Personal information
- Full name: Punam Ganesh Raut
- Born: 14 October 1989 (age 36) Mumbai, Maharashtra, India
- Batting: Right-handed
- Bowling: Right-arm off break
- Role: Batter

International information
- National side: India (2009–present);
- Test debut (cap 79): 13 August 2014 v England
- Last Test: 30 September 2021 v Australia
- ODI debut (cap 92): 19 March 2009 v West Indies
- Last ODI: 27 June 2021 v England
- ODI shirt no.: 14
- T20I debut (cap 19): 13 June 2009 v Pakistan
- Last T20I: 2 April 2014 v Pakistan

Domestic team information
- 2006/07–2010/11: Mumbai
- 2011/12–2021/22: Railways
- 2018–2020: Trailblazers
- 2022/23–present: Uttarakhand

Career statistics
| Competition | WTest | ODI | WT20I |
| Matches | 4 | 73 | 35 |
| Runs scored | 264 | 2299 | 719 |
| Batting average | 44.00 | 34.83 | 27.65 |
| 100s/50s | 1/0 | 3/15 | 0/4 |
| Top score | 130 | 109* | 75 |
| Balls bowled | – | 30 | 42 |
| Wickets | – | 1 | 3 |
| Bowling average | – | 4.00 | 9.66 |
| 5 wickets in innings | – | 0 | 0 |
| 10 wickets in match | – | 0 | 0 |
| Best bowling | – | 1/4 | 3/12 |
| Catches/stumpings | 0/– | 15/– | 5/– |
- Source: ESPNcricinfo, 7 November 2023

= Punam Raut =

Indian cricketer (born 1989)

Punam Ganesh Raut (born 14 October 1989), sometimes spelt Poonam Raut, is an Indian cricketer who plays for the Indian women's national team.

==Career==
Raut is a right-handed batter and known for her batting.
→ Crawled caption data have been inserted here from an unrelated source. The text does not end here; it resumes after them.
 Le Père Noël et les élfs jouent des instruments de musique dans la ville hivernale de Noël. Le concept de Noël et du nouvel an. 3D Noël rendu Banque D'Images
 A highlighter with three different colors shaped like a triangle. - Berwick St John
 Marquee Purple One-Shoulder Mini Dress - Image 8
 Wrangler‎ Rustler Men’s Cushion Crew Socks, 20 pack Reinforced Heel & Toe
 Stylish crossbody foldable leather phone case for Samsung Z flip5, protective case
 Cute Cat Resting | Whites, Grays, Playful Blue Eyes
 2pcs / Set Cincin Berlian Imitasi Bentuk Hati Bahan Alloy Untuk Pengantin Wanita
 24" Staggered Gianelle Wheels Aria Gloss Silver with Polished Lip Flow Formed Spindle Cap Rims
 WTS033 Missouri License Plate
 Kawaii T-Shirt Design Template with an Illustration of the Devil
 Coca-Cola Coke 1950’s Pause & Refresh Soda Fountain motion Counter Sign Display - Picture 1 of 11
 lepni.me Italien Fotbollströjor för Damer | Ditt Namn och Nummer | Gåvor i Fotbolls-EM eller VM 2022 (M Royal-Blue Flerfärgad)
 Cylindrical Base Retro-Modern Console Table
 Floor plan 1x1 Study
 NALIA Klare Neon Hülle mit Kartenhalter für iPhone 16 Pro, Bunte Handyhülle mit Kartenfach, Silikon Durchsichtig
On 15 May 2017, in an ODI versus Ireland, Raut set a world record opening partnership of 320 runs with Deepti Sharma, contributing 109. This beat both the standing women's record of 229 (by Sarah Taylor and Caroline Atkins of England) and the standing men's record in ODIs of 286 (by Upul Tharanga and Sanath Jayasuriya of Sri Lanka).

Raut was part of the Indian team to reach the final of the 2017 Women's Cricket World Cup where the team lost to England by nine runs.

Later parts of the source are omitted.